------ Information provided

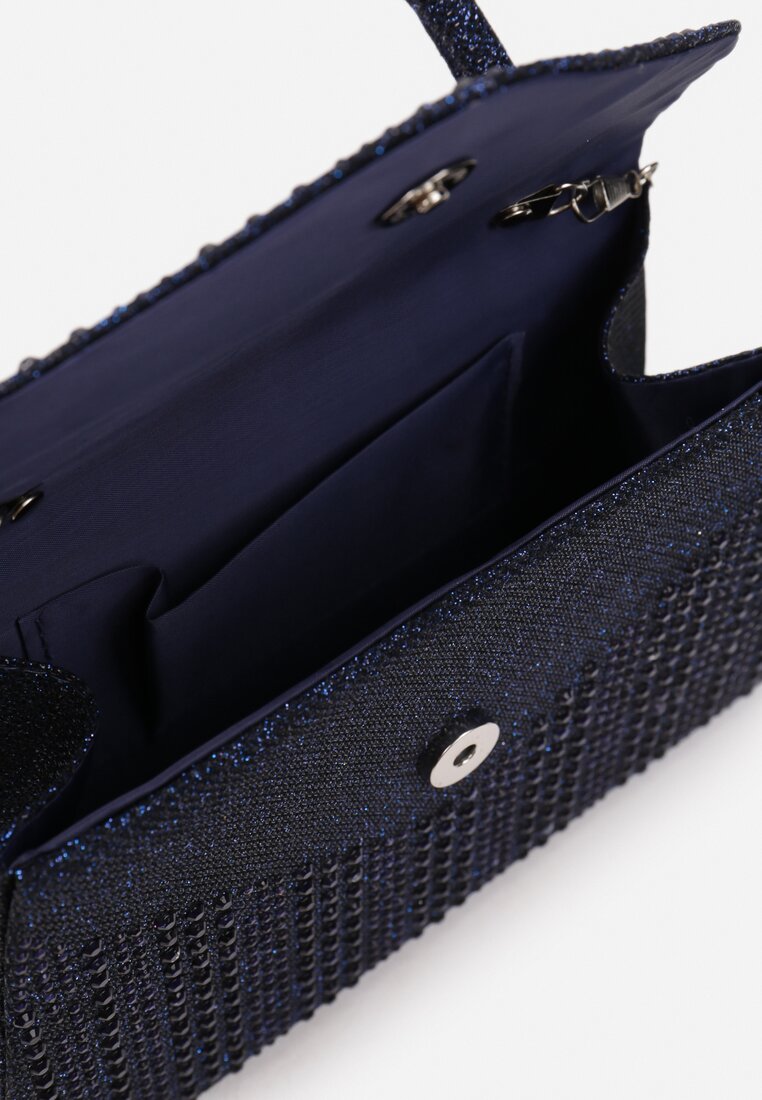 Granatowa Torebka Mała Brokatowa z Cyrkoniami Kamea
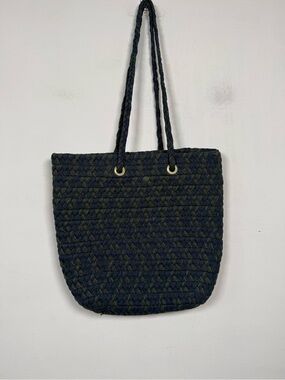Vintage Longaberger Navy Basket Weave Cloth Tote Bag Shoulder Purse Handcrafted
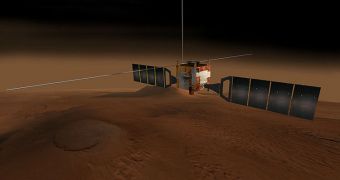 This is the ESA Mars Express spacecraft in Martian orbit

------------

Work request:
Go through the listing above and retype each line exactly, apart from the pictures.

Written solution:
 Granatowa Torebka Mała Brokatowa z Cyrkoniami Kamea
Vintage Longaberger Navy Basket Weave Cloth Tote Bag Shoulder Purse Handcrafted
 This is the ESA Mars Express spacecraft in Martian orbit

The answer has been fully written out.